The nGAP requires that at least 55% of candidates recruited by universities must be black South African women.
Among the speakers and delegates were the University of Zululand vice-chancellor prof Xoliswa Mtose, Walter Sisulu University vice-chancellor prof Rushiella Songca, NFR CEO prof Fulufhelo Nelwamondo, British Council country director George Barrett and Prof Andre Keet, who was representing the vice-chancellor of Nelson Mandela University prof Sibongile Muthwa.
Speaking to Sunday World, Nzimande said while there was a lot of progress in the universities space to develop and retain black academics, more attention needed to be given to improving alignment in different sectors of the post-education and training system.
He said the post-education and training system, which is still a new concept in South Africa, required improvement and alignment between universities and technical and vocational education and training (TVET) colleges and community education colleges.

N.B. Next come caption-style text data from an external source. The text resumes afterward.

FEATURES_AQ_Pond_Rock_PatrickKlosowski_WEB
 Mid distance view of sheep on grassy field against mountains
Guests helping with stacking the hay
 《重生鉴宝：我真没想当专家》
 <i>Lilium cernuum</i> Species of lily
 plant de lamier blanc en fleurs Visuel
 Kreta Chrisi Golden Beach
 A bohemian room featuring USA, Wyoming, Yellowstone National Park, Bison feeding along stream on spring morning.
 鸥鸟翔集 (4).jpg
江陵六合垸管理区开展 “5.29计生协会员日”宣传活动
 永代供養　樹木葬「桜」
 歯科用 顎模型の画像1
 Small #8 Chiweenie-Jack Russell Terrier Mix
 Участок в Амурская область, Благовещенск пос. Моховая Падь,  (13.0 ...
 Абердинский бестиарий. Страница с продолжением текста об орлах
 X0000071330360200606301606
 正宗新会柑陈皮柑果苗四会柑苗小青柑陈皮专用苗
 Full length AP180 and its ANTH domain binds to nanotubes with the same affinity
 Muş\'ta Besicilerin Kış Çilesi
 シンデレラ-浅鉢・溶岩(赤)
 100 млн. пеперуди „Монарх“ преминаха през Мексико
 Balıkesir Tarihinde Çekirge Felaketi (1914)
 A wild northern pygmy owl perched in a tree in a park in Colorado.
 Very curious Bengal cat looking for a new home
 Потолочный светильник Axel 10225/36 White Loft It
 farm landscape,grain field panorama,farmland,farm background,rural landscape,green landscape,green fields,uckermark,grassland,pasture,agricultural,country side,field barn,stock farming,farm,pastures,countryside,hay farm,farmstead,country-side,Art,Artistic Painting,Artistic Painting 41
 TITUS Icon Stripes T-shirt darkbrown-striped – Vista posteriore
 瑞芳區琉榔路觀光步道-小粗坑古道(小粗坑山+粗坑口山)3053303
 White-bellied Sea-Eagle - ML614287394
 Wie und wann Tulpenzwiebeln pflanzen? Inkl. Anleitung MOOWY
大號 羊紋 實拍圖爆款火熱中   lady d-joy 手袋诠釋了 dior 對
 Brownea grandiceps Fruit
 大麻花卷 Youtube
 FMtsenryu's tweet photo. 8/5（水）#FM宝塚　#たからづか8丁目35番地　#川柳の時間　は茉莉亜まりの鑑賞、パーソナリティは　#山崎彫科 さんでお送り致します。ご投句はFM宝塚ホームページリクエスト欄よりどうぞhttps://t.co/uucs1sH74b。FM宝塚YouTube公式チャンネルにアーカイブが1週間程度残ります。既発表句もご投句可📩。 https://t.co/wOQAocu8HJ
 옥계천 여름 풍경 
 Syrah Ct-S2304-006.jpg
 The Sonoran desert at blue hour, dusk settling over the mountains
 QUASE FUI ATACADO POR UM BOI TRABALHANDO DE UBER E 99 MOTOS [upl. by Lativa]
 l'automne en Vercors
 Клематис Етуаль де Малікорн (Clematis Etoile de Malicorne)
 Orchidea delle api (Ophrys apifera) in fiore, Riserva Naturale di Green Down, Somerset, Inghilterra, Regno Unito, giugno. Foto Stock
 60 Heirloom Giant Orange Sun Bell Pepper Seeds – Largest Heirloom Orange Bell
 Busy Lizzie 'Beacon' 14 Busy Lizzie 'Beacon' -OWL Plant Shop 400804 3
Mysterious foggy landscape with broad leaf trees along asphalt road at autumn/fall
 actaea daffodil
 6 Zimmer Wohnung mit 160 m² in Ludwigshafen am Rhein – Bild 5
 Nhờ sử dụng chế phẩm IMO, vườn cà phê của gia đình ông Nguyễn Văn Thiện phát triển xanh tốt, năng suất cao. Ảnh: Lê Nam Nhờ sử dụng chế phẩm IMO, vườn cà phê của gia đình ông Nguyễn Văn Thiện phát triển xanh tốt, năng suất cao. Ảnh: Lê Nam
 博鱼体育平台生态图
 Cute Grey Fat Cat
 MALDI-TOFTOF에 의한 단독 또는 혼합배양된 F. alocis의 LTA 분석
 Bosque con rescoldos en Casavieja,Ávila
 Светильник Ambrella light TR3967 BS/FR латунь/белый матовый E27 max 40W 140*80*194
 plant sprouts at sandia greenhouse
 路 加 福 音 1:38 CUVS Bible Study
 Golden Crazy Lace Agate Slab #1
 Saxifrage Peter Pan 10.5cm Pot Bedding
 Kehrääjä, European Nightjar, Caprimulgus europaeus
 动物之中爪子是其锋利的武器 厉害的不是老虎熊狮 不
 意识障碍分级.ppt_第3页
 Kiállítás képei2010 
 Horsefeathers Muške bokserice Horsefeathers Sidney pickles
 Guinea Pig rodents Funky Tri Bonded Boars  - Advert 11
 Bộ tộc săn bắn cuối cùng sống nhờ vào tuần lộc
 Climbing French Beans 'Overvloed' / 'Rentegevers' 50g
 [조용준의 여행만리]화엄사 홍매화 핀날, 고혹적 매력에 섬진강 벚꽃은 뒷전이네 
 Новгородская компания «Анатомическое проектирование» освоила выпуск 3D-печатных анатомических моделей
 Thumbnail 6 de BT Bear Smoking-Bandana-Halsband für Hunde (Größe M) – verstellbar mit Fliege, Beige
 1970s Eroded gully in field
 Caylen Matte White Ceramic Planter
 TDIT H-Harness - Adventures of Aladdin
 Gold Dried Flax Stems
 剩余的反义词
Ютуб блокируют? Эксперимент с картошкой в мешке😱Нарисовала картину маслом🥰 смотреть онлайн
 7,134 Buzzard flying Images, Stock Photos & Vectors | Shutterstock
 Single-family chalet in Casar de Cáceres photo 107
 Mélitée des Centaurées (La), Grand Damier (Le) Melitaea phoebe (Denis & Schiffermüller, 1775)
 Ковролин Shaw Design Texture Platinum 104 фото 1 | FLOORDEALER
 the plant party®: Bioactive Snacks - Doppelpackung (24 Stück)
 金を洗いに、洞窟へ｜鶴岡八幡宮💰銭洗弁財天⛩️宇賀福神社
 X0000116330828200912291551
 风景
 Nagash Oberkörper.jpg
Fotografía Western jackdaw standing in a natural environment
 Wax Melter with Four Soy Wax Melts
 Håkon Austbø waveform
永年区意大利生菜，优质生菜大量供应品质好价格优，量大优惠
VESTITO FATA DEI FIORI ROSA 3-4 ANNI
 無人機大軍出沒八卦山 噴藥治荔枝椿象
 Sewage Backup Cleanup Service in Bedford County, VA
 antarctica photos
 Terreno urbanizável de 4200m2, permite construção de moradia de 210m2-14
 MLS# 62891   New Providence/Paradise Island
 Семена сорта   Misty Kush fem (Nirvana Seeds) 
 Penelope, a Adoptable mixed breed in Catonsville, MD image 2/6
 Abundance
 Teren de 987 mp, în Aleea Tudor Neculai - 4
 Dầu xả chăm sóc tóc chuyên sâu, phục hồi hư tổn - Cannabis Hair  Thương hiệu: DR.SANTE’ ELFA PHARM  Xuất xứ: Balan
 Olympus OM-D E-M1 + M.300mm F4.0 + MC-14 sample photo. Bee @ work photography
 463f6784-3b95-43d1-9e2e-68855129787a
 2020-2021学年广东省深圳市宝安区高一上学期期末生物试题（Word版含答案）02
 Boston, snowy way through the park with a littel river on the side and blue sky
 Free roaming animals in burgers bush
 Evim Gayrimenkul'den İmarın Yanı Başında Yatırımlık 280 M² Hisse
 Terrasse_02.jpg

“We have six or eight universities now that are training TVET college lecturers. It’s a very important alignment issue because universities are using the knowledge they have to empower [TVET college] lecturers. You still have a lot of [TVET college] lecturers who are not adequately trained.
“But the much more direct alignment is that some of the universities are now beginning to accept the national certificate vocational (NCV), which is the equivalent of matric. All universities before did not accept NCV. Accepting it ensures we do not have cul-de-sacs in the system,” he said.